Tuned class motors (RT, AT, TT) are not the most powerful motors. You could go with RT, a speed demon with low torque, or TT, a torque monster with low speed, or AT, a balanced lower-powered combination of both that is just one step above BX, a basic box stock motor. My racer had huge wheels, which are traditionally used for speed cars. I felt that TT was the best choice for my car. In fact, I think the TT is probably the most powerful motor of the three. It really packs a punch so long as you keep your car's weight real low. Just before my first drag race, I made some quick decisions on reducing my car's weight:

  • Swapped the battery clip (2.1g with penguin) with a standard VZ chassis battery clip (.58g with no penguin) to reduce the load by 1.52g.
  • Swapped the VZ back latch (.53g on a NEO-VQS versus .42g on a Thunder Boomerang) to reduce the load by .11g. The Thunder Boomerang back latch is one of the lightest I've come across. It is .01g lighter than the animal VS chassis racers.
  • Changed the gear from 5:1 to 3.7:1.
  • The overall weight of my Penguin racer was 80g without and 115g with batteries.

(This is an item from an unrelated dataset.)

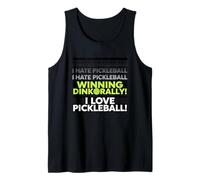 Irónico Jugador de Pickleball Aficionado a Beber un Tiro Camiseta sin Mangas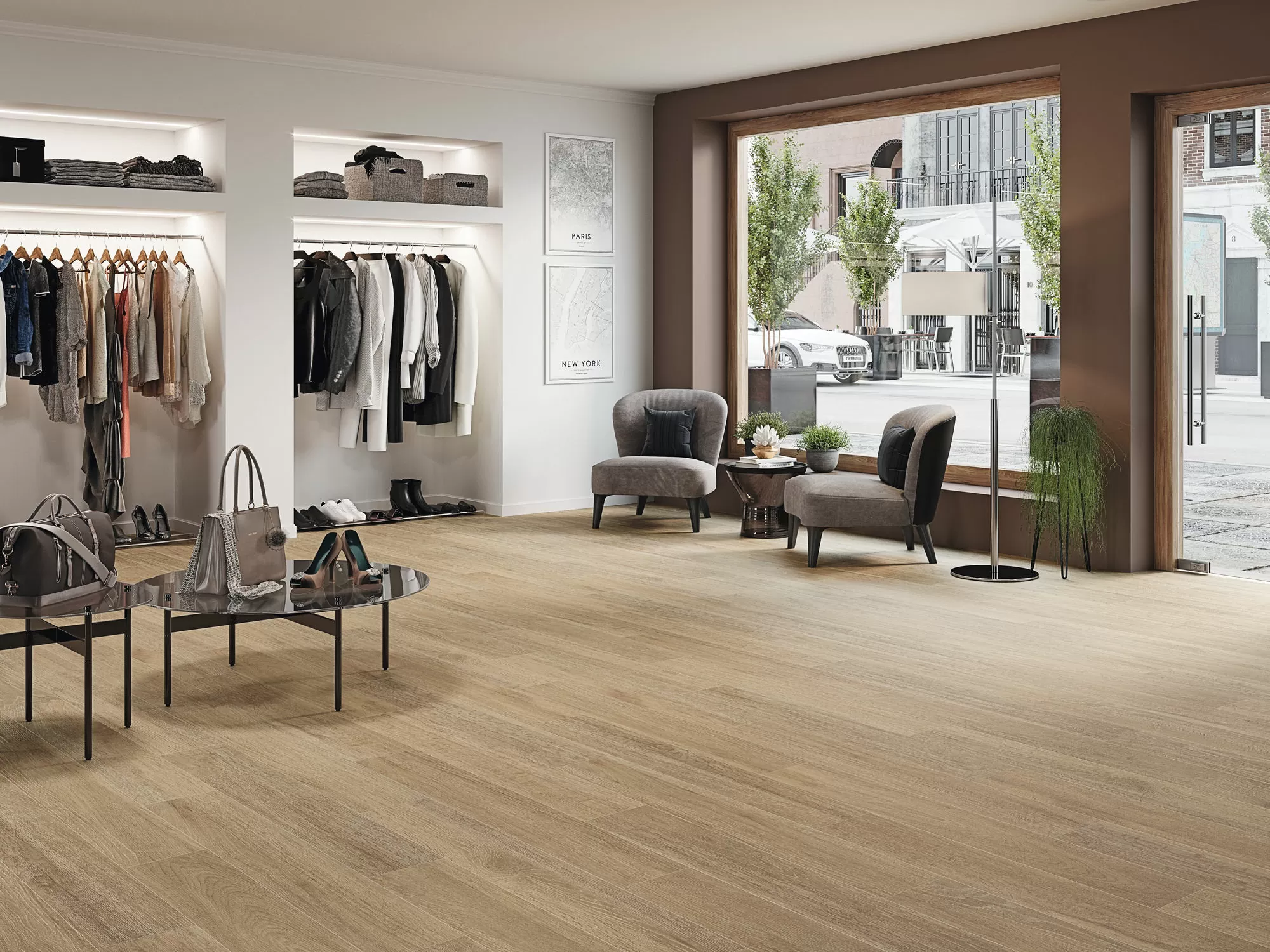 Керамогранит Carpatos Natural Rect R10 20x120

With a TT motor, 5:1 gears yield 19 Km/h whereas 3.7:1 gears yield 29 Km/h.

Several people wanted to buy the Penguin racer after they saw me win. In the final race, I won by a roller length, so there's room for improvement. I improved my Penguin Racer DRE (Drag Race Edition) with the following upgrades:

  • Changed the gear from 3.7:1 to to 3.5:1.
  • Changed the gear to include ball bearing and fluorine coated gear shaft.
  • Remove the spoiler to reduce the load by 1.7g.
  • Swap the Thunder Boomerang back latch with a rubber body catch (part 95393) to reduce the load by .35g (.42g versus .08g)
  • Pengo now weighs 78g.

With a TT motor, 3.5:1 gear, and pink Fujitsus charged to 1.51V, the car can go 31 Km/h. Adding a bearing spacer to my gear actually reduces speed, so I omitted it.

HobbyTown Tom's River Mini 4WD Drag Racing - June 12, 2021 - Pengo v2 - I entered the drag race at Hobbytown again and won easily. My car has become something of a curiosity for other racers who are used to racing circuits. One racer asked to see my motor because he couldn't believe my car could be so fast with a tuned motor. I think he expected to see a more powerful motor in my car so he could prove I cheated, but he was surprised to see a TT motor in my car. Most people who probably pick an RT motor because RT emphasizes top speed, but, from my tests, a TT motor is faster than an RT motor. Plus, it seems that a car with a TT motor appears to go faster and faster the longer it's on a straightaway. "Don't change a thing on that car," the racemaster said, "because, right now, that's the car to beat." Of course, I tuned it again, because that's what I do.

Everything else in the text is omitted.